Diego: Das kommt durch die Blogger. Die Blogger haben irgendwann beschlossen, Whisky zu bepunkten. Das wurde vorher nicht gemacht. 2005, 2006 gab es keine Tasting-Notes, es gab keine Punkte. Dann fingen Serge von Whiskyfun und andere Blogger an, Punke zu geben und Geschmacksnotizen zu schreiben. Bestimmte Abfüllungsreihen, wie die von Samaroli zum Beispiel, und auch andere Italienische Abfüllungen, wurden immer sehr hoch bepunktet, und davon ausgehend, wurden bestimmte Flaschen dann sehr nachgefragt und andere eben weniger. Es kam durch die Punkte.

MM: Hältst du diese Entwicklung für sinnvoll oder schaden die Punkte dem Sammler-Markt?

Diego: Ich denke, es bringt Ordung. Ich mag es, dass Ordnung im Sammel-Markt herrscht. Andernfalls würde es zugehen wie an der Börse. Einige Leute würden Schaden erleiden, und am Ende mit einem Produkt dasitzen, das sie nicht haben wollen, oder das sie nicht trinken wollen, oder das sie nicht weiter verkaufen können. Wenn Ordnung herrscht, bedeutet das mehr Spaß für jeden.

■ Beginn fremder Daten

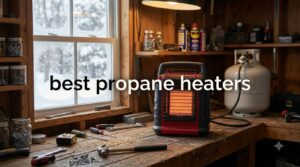 best propane heaters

MM: Wir brauchen also keinen Black Friday zu fürchten. Aber die Preise sind in letzter Zeit dramatisch gestiegen.

Diego: Ja, das ist schon verrückt. Es ist keine Blase, aber es muss bald aufhören.

MM: Wie werden sich deiner Meinung nach die Preise denn in der nahen Zukunft entwickeln?

Diego: Die Preise werden, aufhören, immer weiter zu klettern. Sie werden sich an einem bestimmten Punkt einpendeln. Aber die Top Flaschen, über die wir vorhin gesprochen haben, die mit den höchsten Punkten, die werden noch weiter steigen. Der Markt wird ganz gewiss nicht kollabieren, da bin ich sicher. Ich denke, Whisky ist eine gute Investition.

MM: Junge Leute von heute hatten ja keine Chance, vor zwanzig oder dreißig Jahren Whisky zu sammeln. Wenn sie jetzt eine Sammlung anlegen wollen, welchen Rat würdest du ihnen geben?

Diego: Zunächst einmal, sammle das, was dir gefällt. Du musst mögen, was du besitzt. Was Dollar und gesunden Menschenverstand anbelangt, würde ich vorschlagen, dass du zunächst darauf achtest, dass sich der Whisky gut trinken läßt. Sammle nichts, was mehr Schein als Sein verspricht, sondern sammle ein gutes Produkt. Das wird zumindest im Preis stabil bleiben. Wenn sich der Whisky nicht gut trinken lässt, kann der Preis fallen. Zweitens, achte darauf, dass die Flasche eine Vintage-Abfüllung ist oder eine Altersangabe trägt. Kaufe nichts ohne Altersangabe. Am besten mit einem hohen Alkohol-Gehalt, und bleib bei den echten Sturmtruppen, wie Islay, gute Speysider, mach keine Experimente mit anderen Sachen. Kaufe einfach alle 10jährigen, die du kriegen kannst, alle Laphroaigs in Fass-Stärke, und dann warte 20 Jahre. Es ist ganz einfach.

MM: Danke für dieses Interview, Diego.